Regisseur Jacques Audiard, der bereits mit dem Vorgänger EIN PROPHET einen großen Erfolg hatte inszenierte diesen Liebesfilm authentisch mit allen Ecken und Kanten und schont dabei seine Zuschauer nicht. Den Unfall sehen wir zwar nicht wirklich, nur wie sie danach im Wasser driftet, diese Szene ist aber in einer sehr starken Bildersprache gelungen. Ebenso als Ali die zuerst ablehnende Stephanie zum ersten Mal nach draußen aus Ihrer Sozialwohnung ans Meer nimmt und mit ihr ins Wasser steigt, hat einen wunderschönen Augenblick inne.

Der Film bietet noch einige andere nachhaltig wundervolle Momente. Einer der schönsten, als Marion Cotillard wortlos vor dem großen Glasbecken steht und einem Schwertwal die Richtung dirigiert, das hat schon was magisches an sich. Beide Figuren profitieren in dem Film stark voneinander, bestechend ebenfalls in der Szene (und wohl auch die eindeutige Message in diesem Film), als Ali während eines Kampfes am Boden liegt und sieht, wie Stephanie mit ihren Edelstahlprothesen aus dem Auto steigt…und zeigt ihm ihren wiedergewonnen Lebenswillen und Mut vor, so dass er aufsteht und weiterkämpft. Großartig!

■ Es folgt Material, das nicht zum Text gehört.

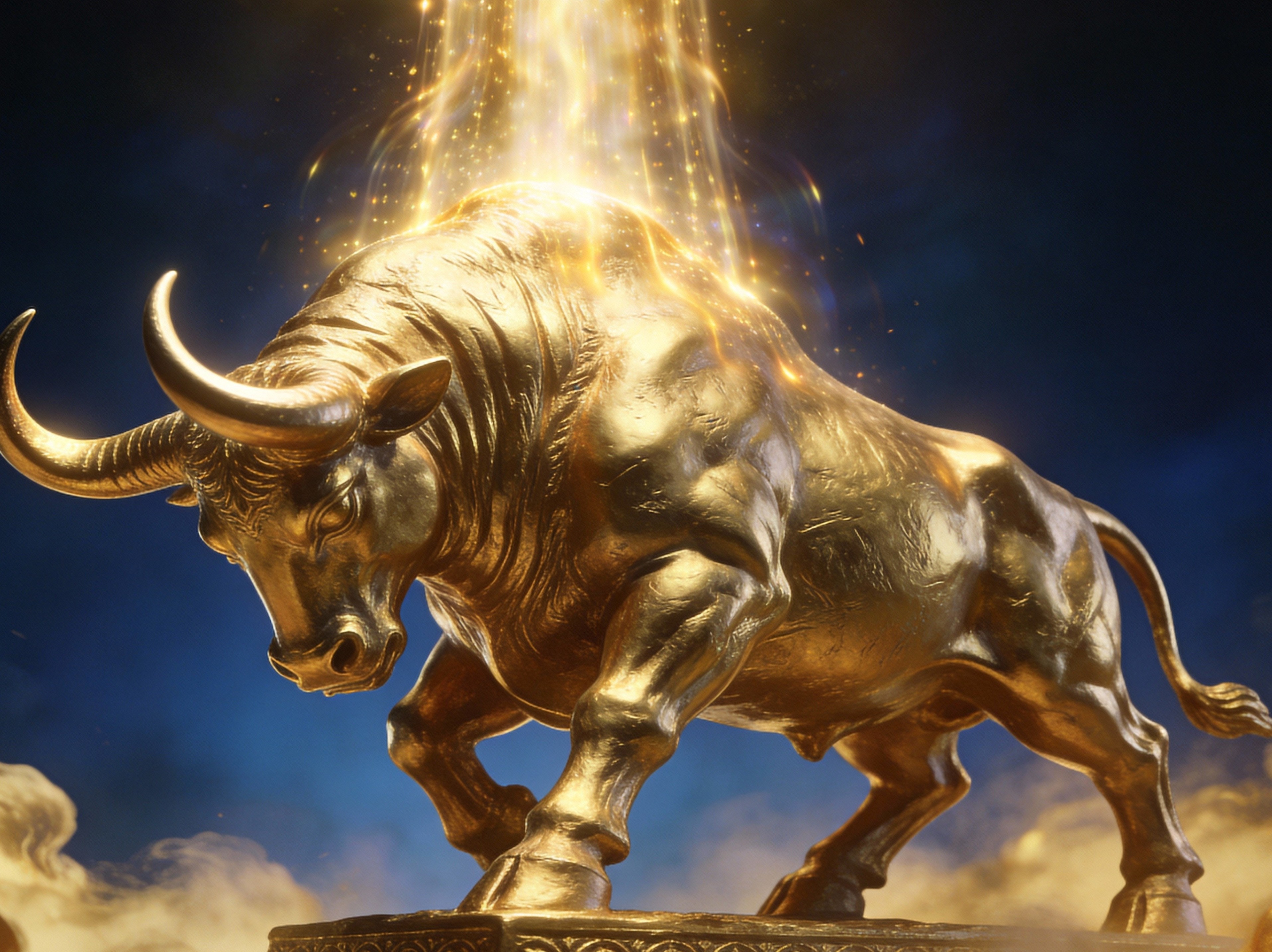 黄金首月狂涨近20%，牛市逻辑再强化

„Willst du ficken?“, fragt Ali einmal Stephanie…damit sie noch überhaupt weiß, ob es noch funktioniert und sich genauso ohne die fehlenden Unterschenkel anfühlt wie früher. Sie tun es und wir erinnern uns bei der allerersten Begegnung der Beiden, als Ali noch die schönen und perfekten Beine von Stephanie auffielen, jetzt hat sie keine mehr und es scheint ihn nicht sonderlich zu stören, genauso wenig wie er in einer Disco in Angesicht vor ihr eine andere für den Beischlaf  abschleppt. Er ist eine Kampf- und Fickmaschine, äußerlich unverwundbar, innerlich aber leer und ohne Gespür für Sensibilität oder Anstand. Aber es gibt Hoffnung für Ali, zum Ende hin wendet sich überraschend das Blatt und er zeigt zum ersten Mal Gefühle.

Beide Hauptdarsteller leisten wunderbare Arbeit, die fantastische Marion Cotillard wurde zudem in der letzten Award-Saison für einige wichtige Darstellerpreise nominiert. Großes Lob auch an die Special-Effekt-Macher, die es fertig brachten, Cotillards Amputation sehr lebensecht aussehen zu lassen.

Ein außergewöhnlich intensiver Film, in jeder Hinsicht sehenswert.